#### [Work instructions]
Among the entries below, find the lines with the word "image" and return them.
Top of Data
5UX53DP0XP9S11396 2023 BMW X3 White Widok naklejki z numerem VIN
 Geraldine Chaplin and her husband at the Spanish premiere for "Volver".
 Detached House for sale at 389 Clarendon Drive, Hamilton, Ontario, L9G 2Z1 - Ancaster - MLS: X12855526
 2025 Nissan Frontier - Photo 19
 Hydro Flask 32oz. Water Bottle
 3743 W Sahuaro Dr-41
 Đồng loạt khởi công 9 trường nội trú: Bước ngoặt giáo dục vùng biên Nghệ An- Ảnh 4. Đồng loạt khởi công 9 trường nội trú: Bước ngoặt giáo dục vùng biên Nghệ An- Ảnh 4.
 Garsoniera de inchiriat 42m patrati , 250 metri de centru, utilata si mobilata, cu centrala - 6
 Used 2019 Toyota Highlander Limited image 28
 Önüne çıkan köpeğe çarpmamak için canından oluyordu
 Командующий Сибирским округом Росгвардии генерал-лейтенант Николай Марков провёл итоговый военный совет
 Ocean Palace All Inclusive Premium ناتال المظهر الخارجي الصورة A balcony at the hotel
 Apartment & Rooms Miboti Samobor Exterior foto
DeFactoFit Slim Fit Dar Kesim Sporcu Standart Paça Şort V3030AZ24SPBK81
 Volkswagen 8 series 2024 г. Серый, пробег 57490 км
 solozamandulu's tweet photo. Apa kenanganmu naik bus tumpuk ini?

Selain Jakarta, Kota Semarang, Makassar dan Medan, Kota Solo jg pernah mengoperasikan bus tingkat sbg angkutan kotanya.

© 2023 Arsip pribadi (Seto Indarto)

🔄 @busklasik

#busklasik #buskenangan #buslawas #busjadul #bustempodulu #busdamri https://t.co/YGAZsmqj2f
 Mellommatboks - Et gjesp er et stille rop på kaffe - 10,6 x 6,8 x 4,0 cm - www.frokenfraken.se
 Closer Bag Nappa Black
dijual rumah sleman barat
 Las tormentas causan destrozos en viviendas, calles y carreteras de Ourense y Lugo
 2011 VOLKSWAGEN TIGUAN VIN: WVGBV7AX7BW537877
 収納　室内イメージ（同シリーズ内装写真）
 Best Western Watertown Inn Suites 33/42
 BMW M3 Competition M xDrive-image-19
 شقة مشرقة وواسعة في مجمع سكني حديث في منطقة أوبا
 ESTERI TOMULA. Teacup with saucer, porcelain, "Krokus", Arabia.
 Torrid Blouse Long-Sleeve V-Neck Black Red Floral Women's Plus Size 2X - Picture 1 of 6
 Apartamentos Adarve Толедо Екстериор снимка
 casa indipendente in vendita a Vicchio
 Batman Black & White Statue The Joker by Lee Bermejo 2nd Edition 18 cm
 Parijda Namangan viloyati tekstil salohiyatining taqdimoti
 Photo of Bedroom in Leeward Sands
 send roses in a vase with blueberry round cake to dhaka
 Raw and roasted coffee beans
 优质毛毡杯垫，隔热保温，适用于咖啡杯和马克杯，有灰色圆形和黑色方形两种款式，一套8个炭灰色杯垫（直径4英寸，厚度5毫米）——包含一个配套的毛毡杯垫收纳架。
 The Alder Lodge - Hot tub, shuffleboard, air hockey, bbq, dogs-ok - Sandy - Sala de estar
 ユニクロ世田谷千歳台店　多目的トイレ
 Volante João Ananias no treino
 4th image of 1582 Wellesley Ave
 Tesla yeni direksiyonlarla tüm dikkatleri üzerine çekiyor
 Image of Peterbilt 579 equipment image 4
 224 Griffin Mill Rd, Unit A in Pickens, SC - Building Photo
Bottom of Data
#### [Answer for the task]
 Used 2019 Toyota Highlander Limited image 28
 BMW M3 Competition M xDrive-image-19
 4th image of 1582 Wellesley Ave
 Image of Peterbilt 579 equipment image 4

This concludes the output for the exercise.